Monitrice d’équitation : fiche complète 2026
Le secteur équestre recrute des professionnels capables d’enseigner tout en gérant une structure vivante. La monitrice d’équitation fait face à une double compétence : transmettre un geste technique et assurer la gestion d’un centre équestre. Le vieillissement des effectifs et la croissance des pratiques de loisirs créent des besoins de renouvellement dans les clubs. La profession reste majoritairement exercée en CDI à temps partiel, avec une part significative de travail le week-end.

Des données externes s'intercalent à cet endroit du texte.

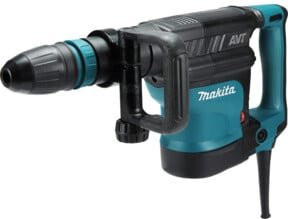 Makita SDS-Max-Stemmhammer HM1111C mit 1300 W und 11,2 J inkl. Koffer - Bild 3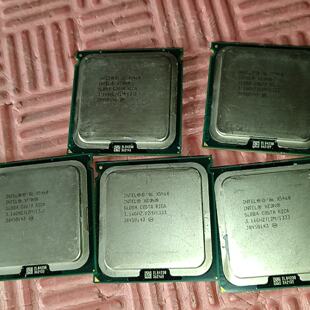 英特尔XeonX5460四核CPU 议价商品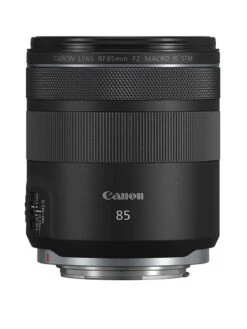 Canon® Canon RF 85mm F2 MACRO IS STM Lens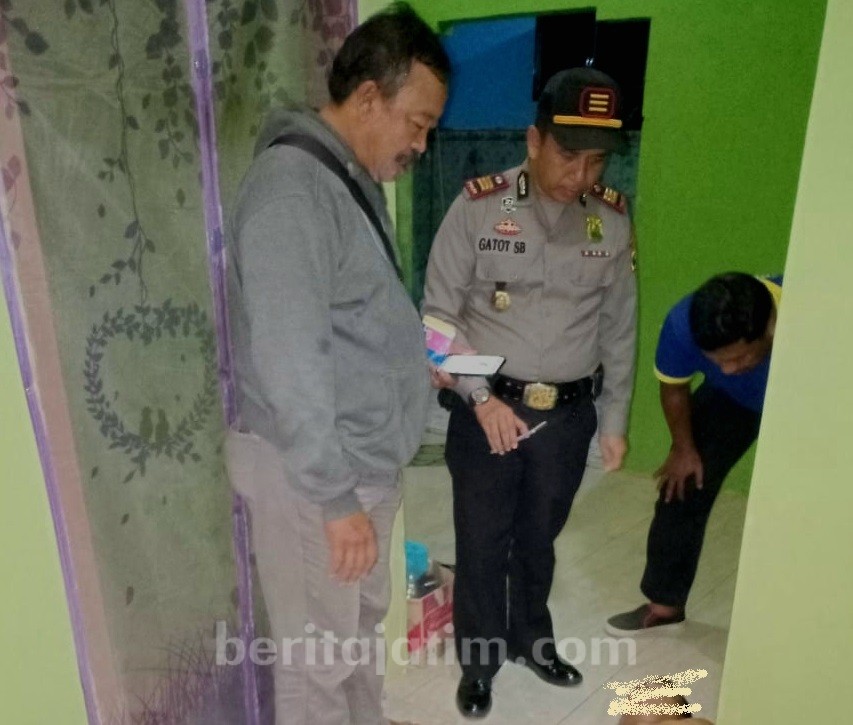 Dijemput Tahlilan, Warga Tulangan Ditemukan Tewas Tergeletak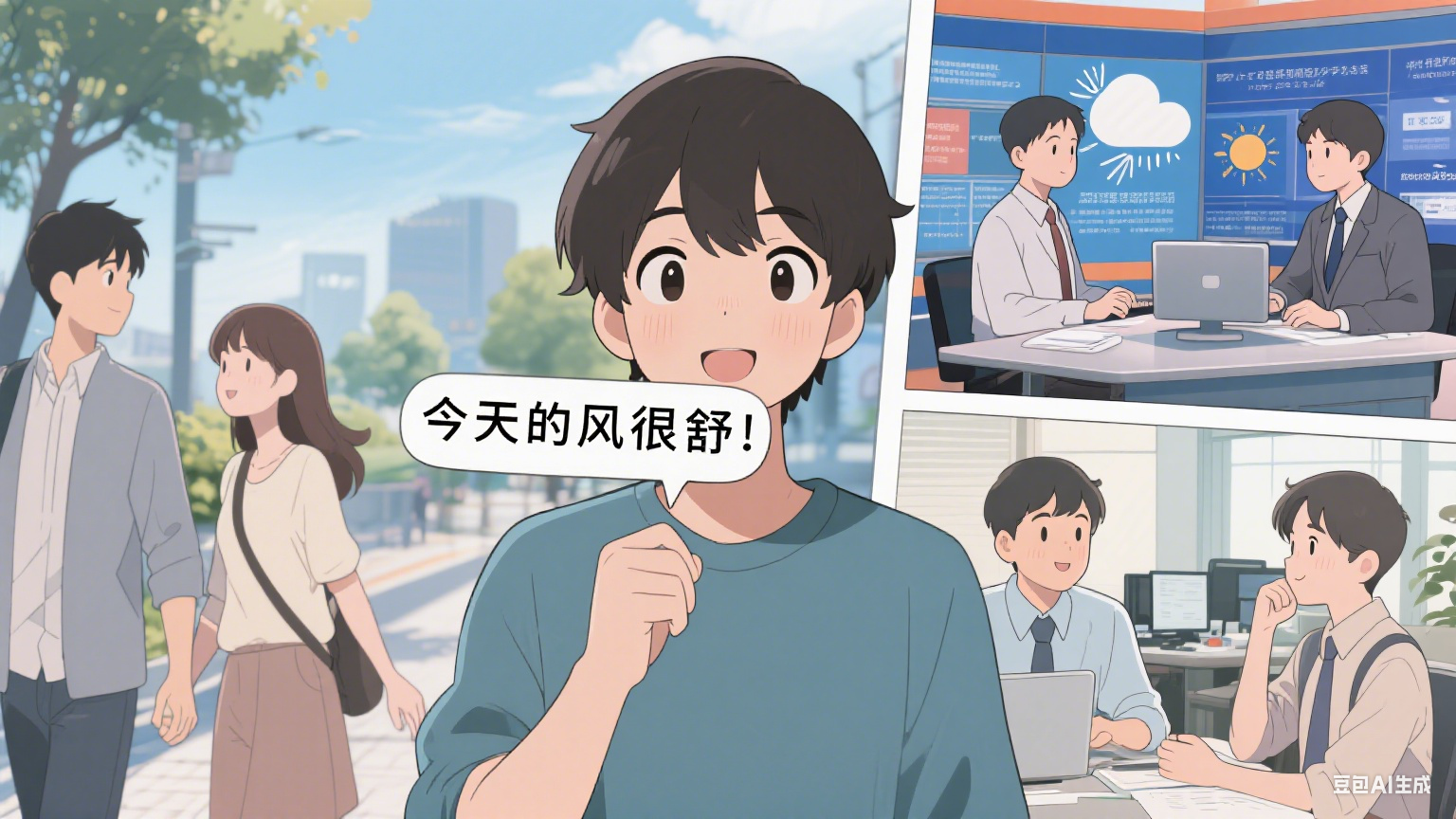 语用：藏在话语褶皱里的温度与智慧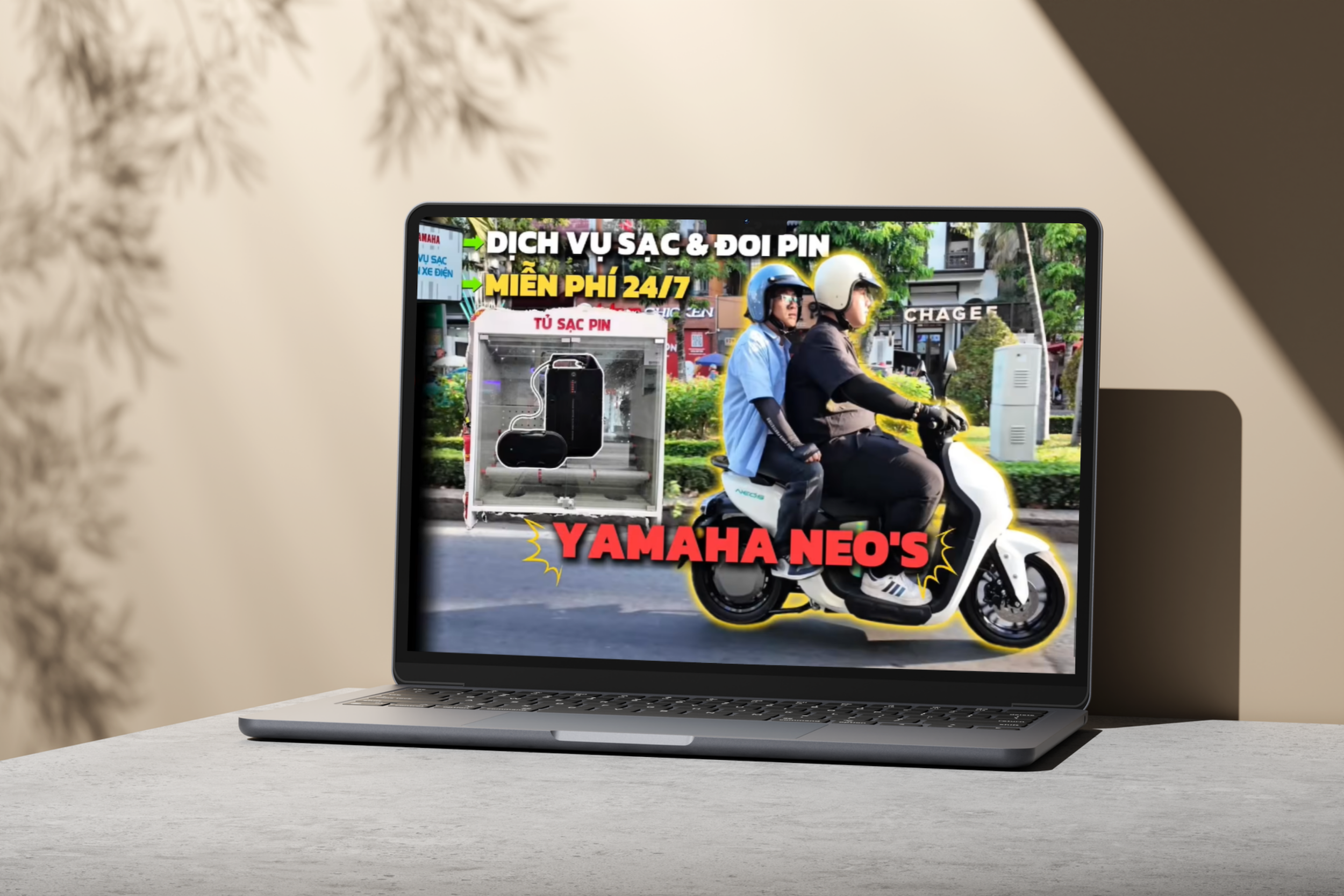 Yamaha Neo&rsquo;s ảnh 3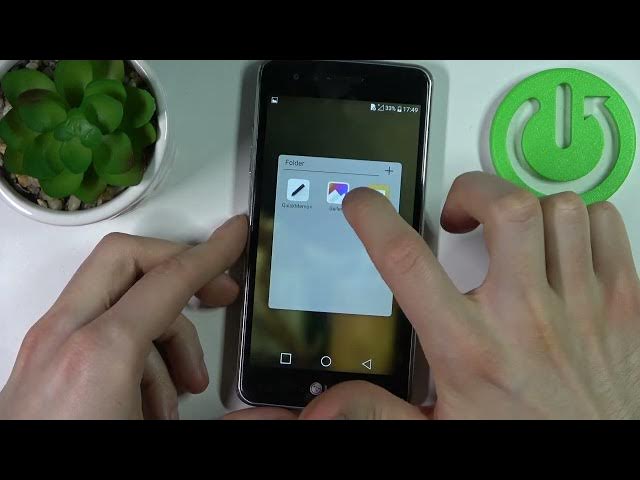 Video thumbnail for How to Take a Screenshot in LG K8 Dual (2017) – Capture Desktop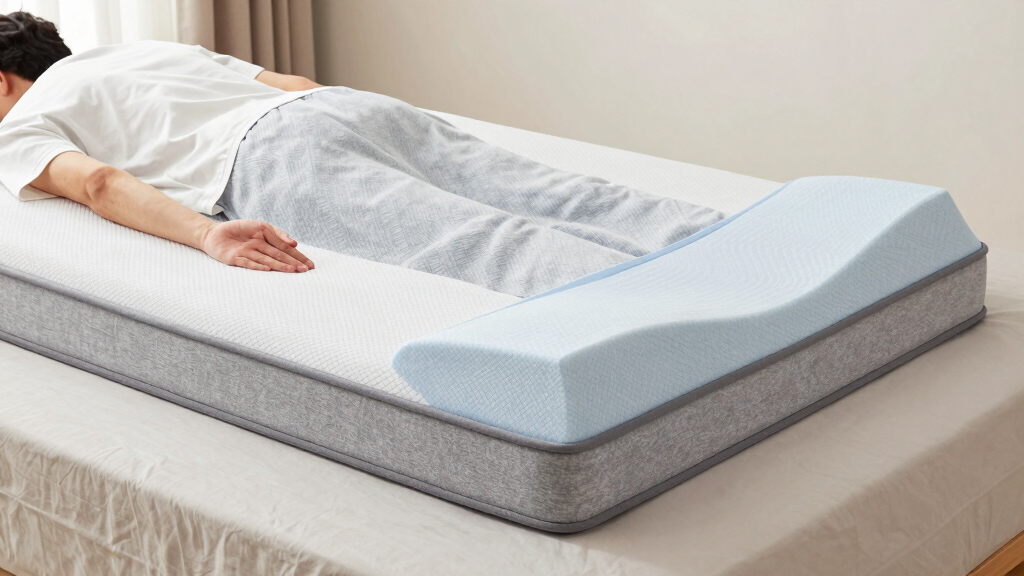 best mattress topper for back pain
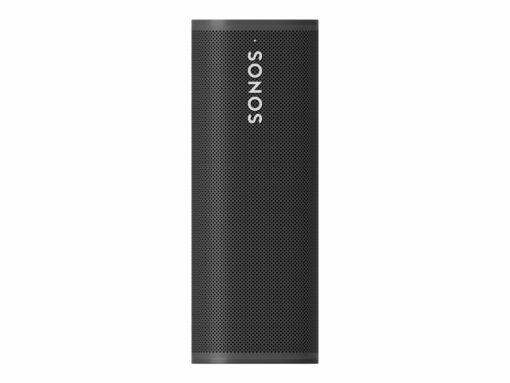 sonos roam sl bluetooth speaker black 1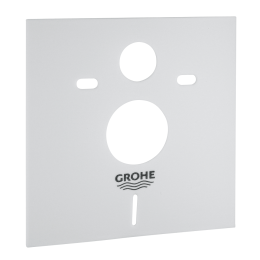 Комплект инсталляции GROHE Rapid SL 1000044 с унитазом AQUAme AQM2013PRO и сиденьем с микролифтом (NW0682)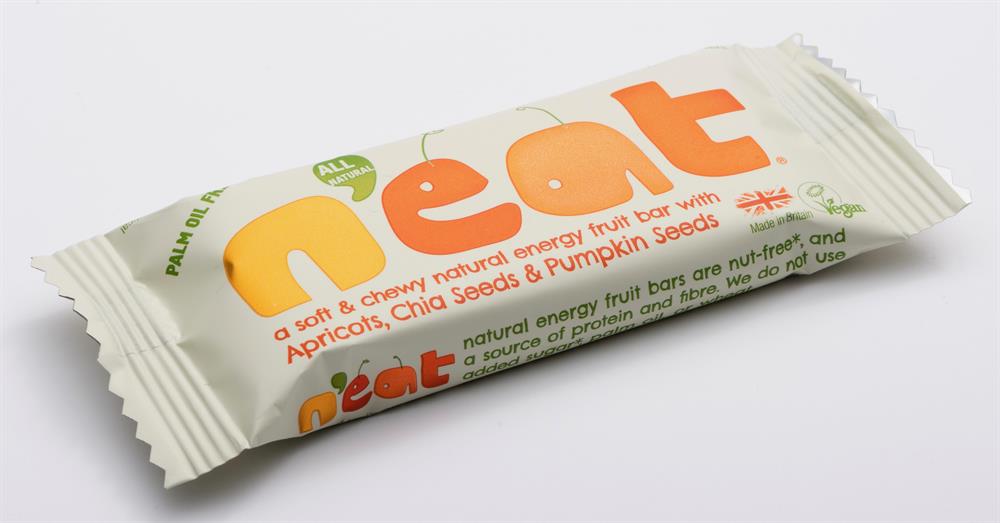 Apricots & Pumpkin Seeds Bar 45g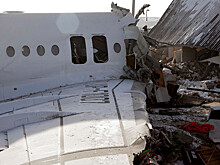 Около 100 рейсов отменила авиакомпания упавшего в Казахстане самолета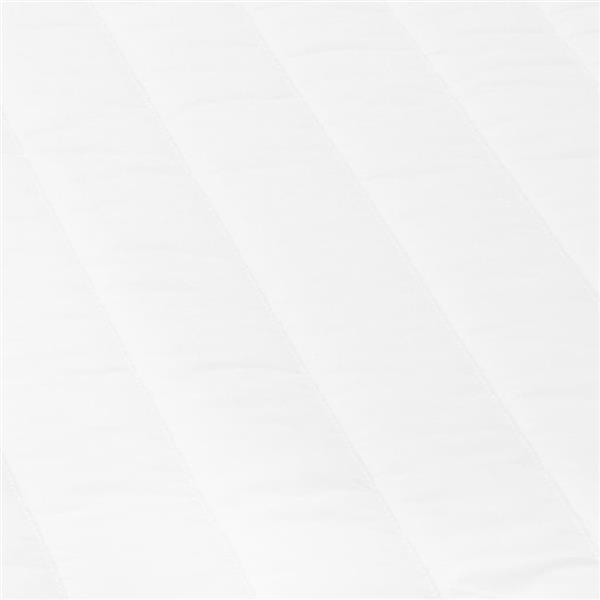 Grote foto vidaxl matras 18 cm visco traagschuim 160x200 cm h2 huis en inrichting matrassen en bedbodems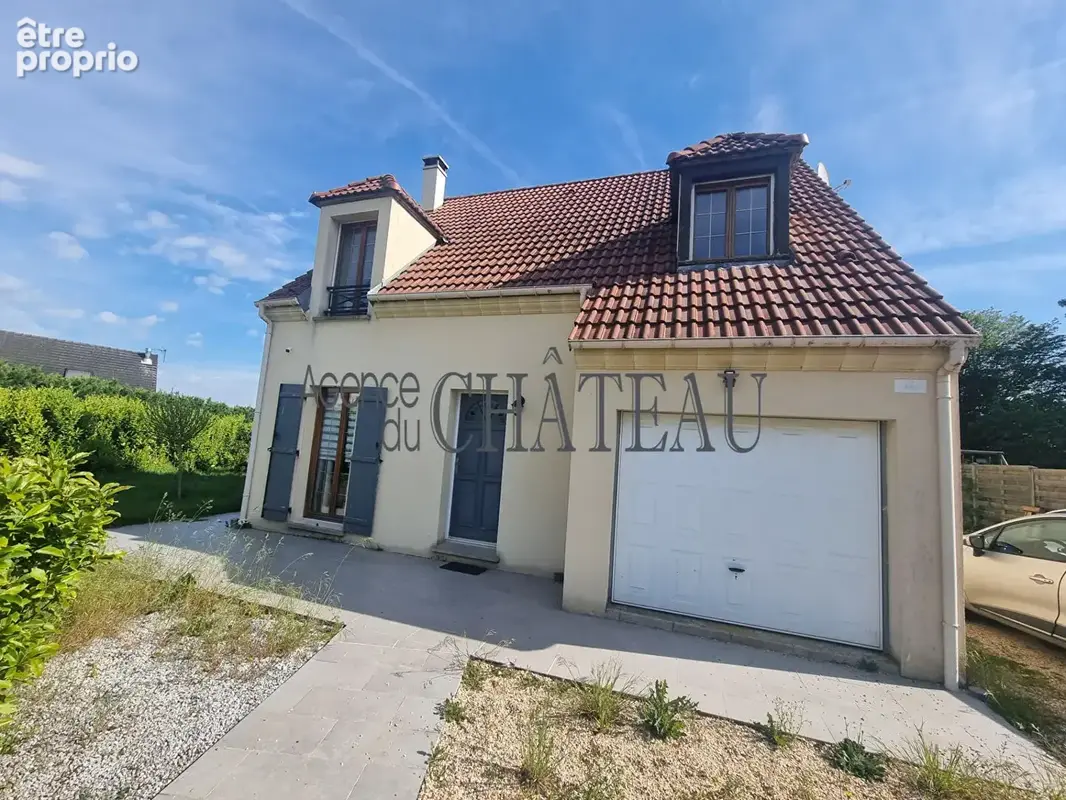 Photo Maison à Les Thilliers-En-Vexin au prix de 229 000€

Périmètre du métier et différences vs métiers proches
La monitrice d’équitation encadre des séances d’enseignement pour des cavaliers débutants ou confirmés. Elle prépare les chevaux, adapte sa pédagogie au public (enfants, adultes, personnes handicapées) et veille à la sécurité en manège ou en extérieur. Elle participe à l’entretien des infrastructures et à la gestion administrative des inscriptions.
Ce métier se distingue de celui d’accompagnateur de tourisme équestre, qui organise des randonnées et des séjours sans nécessairement délivrer un enseignement technique progressif. Le palefrenier-soigneur se concentre sur les soins quotidiens et l’entretien des box, sans fonction pédagogique. L’éleveur se consacre à la reproduction et à la valorisation génétique. Enfin, l’entraîneur de compétition vise la performance sportive avec un objectif de résultats en concours, alors que la monitrice de club travaille davantage la polyvalence des cavaliers amateurs.
- Enseignement technique des fondamentaux (assiette, guides, jambes)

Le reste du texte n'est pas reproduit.